And really, I'm not sure how many of us menfolk cling to the "action figure" moniker simply because we fear for our masculinity. If anything, I'd blame the hours and hours of toy marketing we absorbed through our kidhood.
I always associate the word "doll" with either Barbie or Bogie's vocabulary in pretty much every film he's been in.
Yeah I know it's strange, but that why I like the term "Action Figure".
I have Space Ghost, grabbingsand! (And Rosie too, though she'll probably be a gift to someone someday. Sometimes I buy gifts with no idea of whom I'll give them to, then years later they turn out perfect.)
If this fellow had more hair in front, a longer nose, and brown eyes I'd finally have my action figure: ≡ Click to see image ≡
Forget the cover of Rolling Stone; when they make an action figure of you, you've arrived.
I have the librarian action figure that someone gave me as a gift - and I've actually met the real librarian who was the model for it. I've thought about getting the crazy cat lady but I thought it would give bad luck to my dating efforts, since I'm already *this* close to becoming one.
Does anyone else remember the Barbie Liberation Organization? They're the ones who switched the voice thingies from the first talking Barbie and GI Joe. From the page:
The BLO returned the altered dolls to the toy store shelves, who then resold them to children who had to invent scenarios for Barbies who yelled "Vengeance is mine!" and G.I. Joes who daydreamed "Let’s plan our dream wedding!"
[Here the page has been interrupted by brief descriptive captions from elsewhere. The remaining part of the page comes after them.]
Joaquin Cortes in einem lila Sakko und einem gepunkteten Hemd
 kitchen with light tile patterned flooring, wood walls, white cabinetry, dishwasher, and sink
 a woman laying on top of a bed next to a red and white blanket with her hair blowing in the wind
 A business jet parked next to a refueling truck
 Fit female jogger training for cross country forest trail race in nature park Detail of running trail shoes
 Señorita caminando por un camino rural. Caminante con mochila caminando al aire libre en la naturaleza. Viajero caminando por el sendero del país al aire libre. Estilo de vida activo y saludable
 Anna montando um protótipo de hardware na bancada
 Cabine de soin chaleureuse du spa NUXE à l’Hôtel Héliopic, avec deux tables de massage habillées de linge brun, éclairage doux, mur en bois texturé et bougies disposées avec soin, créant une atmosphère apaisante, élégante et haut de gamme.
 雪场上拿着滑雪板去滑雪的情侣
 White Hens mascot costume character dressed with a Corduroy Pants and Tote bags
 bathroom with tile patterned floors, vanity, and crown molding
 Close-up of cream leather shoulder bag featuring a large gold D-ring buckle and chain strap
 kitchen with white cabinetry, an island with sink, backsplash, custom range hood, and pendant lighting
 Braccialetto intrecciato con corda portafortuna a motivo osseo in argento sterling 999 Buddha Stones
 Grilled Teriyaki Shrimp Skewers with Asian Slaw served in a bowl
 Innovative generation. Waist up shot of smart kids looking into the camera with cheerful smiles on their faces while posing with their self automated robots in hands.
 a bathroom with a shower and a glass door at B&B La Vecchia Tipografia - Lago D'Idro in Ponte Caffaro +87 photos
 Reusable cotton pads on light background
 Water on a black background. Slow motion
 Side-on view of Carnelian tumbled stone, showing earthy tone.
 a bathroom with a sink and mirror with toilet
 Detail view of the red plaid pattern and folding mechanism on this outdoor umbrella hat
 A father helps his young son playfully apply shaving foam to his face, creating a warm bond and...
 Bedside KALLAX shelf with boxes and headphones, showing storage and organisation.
Action figures have more points of articulation, yo. Or do they make barbies with knees and elbows now? Because if the arms can hold a machine gun without being deformed, it's an action figure.
I grew up playing with these, if that explains anything.
Speaking of Che, Joe, here's a link to that play I mentioned yesterday. It's a moving, well-written piece; I've seen readings of it with a slightly different cast, and they were more than just moving. José Rivera is a top-notch playwright.
I'm sure I meant to use more adjectives than just "moving," but there musta been a slip twixt the intention and the execution. Anyway, it's good. Also, since it's at the Public, tix are cheaper than Broadway (though I just looked and it's pricier than previous Public performances).
Yeah, after seeing the first reading they did of this, I immediately signed up for a master class with José, where I found his approach to writing for the stage much like my own. More about creating a situation for his characters to live through than creating characters to live through a situation; that's a poor and very incomplete explanation. He talked about "watching his characters react" to things, or "seeing how they develop" in response to plot actions, rather than having the individuals in the story being the prime movers: thus his characters come across as more human because they are less in control than one often sees, they're realistic because they are inhabitants of a specific and changing world. In the case of a historical play, this approach works perfectly.
He also had quite a few very interesting things to say about magical realism (part of most of his other work, notably Cloud Tectonics and References to Salvador Dali Make Me Hot). That's for another post, though.